→ WHAT TO WORK ON
Once you have read the listing below, write all of it out again exactly.

→ DATA FOR THIS EXERCISE

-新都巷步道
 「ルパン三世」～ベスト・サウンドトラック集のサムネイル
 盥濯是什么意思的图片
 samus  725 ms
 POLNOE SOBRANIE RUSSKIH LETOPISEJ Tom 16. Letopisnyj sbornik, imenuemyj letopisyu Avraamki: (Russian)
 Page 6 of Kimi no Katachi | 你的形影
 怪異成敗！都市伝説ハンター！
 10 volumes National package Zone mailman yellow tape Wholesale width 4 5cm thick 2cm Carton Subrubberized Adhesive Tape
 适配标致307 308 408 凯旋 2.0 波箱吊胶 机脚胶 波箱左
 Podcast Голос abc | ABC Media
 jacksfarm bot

→ SOLUTION TO THIS TASK
-新都巷步道
 「ルパン三世」～ベスト・サウンドトラック集のサムネイル
 盥濯是什么意思的图片
 samus  725 ms
 POLNOE SOBRANIE RUSSKIH LETOPISEJ Tom 16. Letopisnyj sbornik, imenuemyj letopisyu Avraamki: (Russian)
 Page 6 of Kimi no Katachi | 你的形影
 怪異成敗！都市伝説ハンター！
 10 volumes National package Zone mailman yellow tape Wholesale width 4 5cm thick 2cm Carton Subrubberized Adhesive Tape
 适配标致307 308 408 凯旋 2.0 波箱吊胶 机脚胶 波箱左
 Podcast Голос abc | ABC Media
 jacksfarm bot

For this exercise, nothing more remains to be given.